Transforming IIFE results in extra parentheses #327

nene · 2016-10-02T12:57:09Z

When transforming normal function to arrow function:

const recast = require('recast');

const ast = recast.parse('(function(){})()');
ast.program.body[0].expression.callee.type = 'ArrowFunctionExpression';

console.log(recast.print(ast).code);

the above outputs:

((() => {}))()

instead of the expected:

(() => {})()

Recast seems to correctly detect that this IIFE needs to be wrapped in parens, but fails to detect that there are already parenthesis present.

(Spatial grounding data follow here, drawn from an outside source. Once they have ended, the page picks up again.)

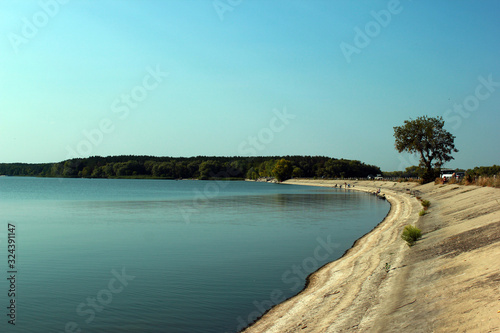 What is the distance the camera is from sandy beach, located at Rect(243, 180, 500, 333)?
32.6 feet

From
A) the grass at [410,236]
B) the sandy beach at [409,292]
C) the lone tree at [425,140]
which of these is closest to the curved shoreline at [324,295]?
the sandy beach at [409,292]

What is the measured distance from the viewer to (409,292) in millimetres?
12719

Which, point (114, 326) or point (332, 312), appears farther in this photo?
point (114, 326)

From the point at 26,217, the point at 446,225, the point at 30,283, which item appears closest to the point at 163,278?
the point at 30,283

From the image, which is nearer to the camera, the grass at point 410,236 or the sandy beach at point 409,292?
the sandy beach at point 409,292

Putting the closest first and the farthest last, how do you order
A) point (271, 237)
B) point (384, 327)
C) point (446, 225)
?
point (384, 327) → point (446, 225) → point (271, 237)

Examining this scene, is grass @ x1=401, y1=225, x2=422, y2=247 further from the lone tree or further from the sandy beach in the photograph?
the lone tree

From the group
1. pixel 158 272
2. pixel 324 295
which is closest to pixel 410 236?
pixel 324 295

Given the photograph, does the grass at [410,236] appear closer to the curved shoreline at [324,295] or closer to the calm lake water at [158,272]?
the curved shoreline at [324,295]

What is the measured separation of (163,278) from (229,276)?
289 centimetres

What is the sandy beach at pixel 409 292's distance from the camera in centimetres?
995

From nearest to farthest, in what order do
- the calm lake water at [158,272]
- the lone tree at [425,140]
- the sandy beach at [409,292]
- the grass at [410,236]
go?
the sandy beach at [409,292] → the calm lake water at [158,272] → the grass at [410,236] → the lone tree at [425,140]

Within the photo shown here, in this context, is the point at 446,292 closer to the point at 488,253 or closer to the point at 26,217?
the point at 488,253

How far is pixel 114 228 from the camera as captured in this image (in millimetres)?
37625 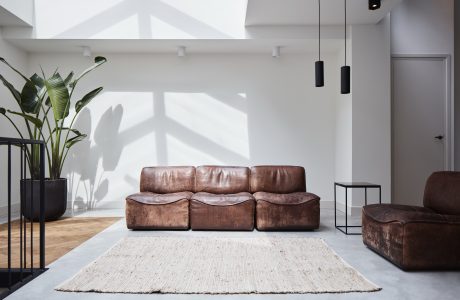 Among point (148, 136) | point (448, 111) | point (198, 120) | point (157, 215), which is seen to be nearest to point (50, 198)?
point (157, 215)

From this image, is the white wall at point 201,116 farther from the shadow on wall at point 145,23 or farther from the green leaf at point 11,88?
the green leaf at point 11,88

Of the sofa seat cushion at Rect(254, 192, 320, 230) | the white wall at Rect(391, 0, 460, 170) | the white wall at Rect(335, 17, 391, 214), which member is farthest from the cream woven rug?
the white wall at Rect(391, 0, 460, 170)

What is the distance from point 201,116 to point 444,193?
3608 mm

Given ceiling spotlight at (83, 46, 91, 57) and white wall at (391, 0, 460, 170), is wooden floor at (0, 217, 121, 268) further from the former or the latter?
white wall at (391, 0, 460, 170)

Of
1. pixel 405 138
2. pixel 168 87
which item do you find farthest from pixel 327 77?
pixel 168 87

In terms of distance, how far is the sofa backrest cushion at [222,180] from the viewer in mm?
4727

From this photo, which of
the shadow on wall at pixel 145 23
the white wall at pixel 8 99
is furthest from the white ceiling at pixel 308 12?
the white wall at pixel 8 99

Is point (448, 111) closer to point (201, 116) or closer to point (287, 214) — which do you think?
point (287, 214)

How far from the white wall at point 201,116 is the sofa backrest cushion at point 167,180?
Result: 0.95 meters

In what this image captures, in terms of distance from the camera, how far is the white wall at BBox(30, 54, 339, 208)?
5770 millimetres

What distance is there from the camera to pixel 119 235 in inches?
156

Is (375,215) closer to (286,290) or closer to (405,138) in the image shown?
(286,290)

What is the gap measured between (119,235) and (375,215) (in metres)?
2.63

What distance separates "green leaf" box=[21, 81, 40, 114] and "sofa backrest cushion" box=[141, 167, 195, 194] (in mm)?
1669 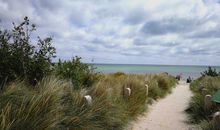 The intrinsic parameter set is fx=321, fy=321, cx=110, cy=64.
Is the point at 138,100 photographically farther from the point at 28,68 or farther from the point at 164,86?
the point at 164,86

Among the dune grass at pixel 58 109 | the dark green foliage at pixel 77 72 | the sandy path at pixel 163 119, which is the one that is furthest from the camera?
the dark green foliage at pixel 77 72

When I just let Recast print a plain AST, it gets the parenthesis right:

console.log(recast.print({
    type: 'ExpressionStatement',
    expression: {
        type: 'CallExpression',
        callee: {
            type: 'ArrowFunctionExpression',
            params: [],
            body: {
                type: 'BlockStatement',
                body: [],
            }
        },
        arguments: [],
    }
}).code);

Seems to be similar to an old issue #81

The text was updated successfully, but these errors were encountered:

benjamn · 2016-10-05T15:11:00Z

Recast seems to correctly detect that this IIFE needs to be wrapped in parens, but fails to detect that there are already parenthesis present.

This is exactly right. Since getting this right is tricky, Recast errs on the side of adding extra parens, instead of sometimes not parenthesizing when necessary.

Detecting whether parens are already present is tricky because most parsers do not preserve information about parentheses in the AST (Babylon is the exception). If you have any good ideas for how to detect reliably whether a given node is wrapped in parentheses, please let me know!

nene · 2016-10-05T15:44:29Z

Hmm... Does this mean that there won't be this problem when running Recast with Babylon?

I've been considering switching to Babylon for some time.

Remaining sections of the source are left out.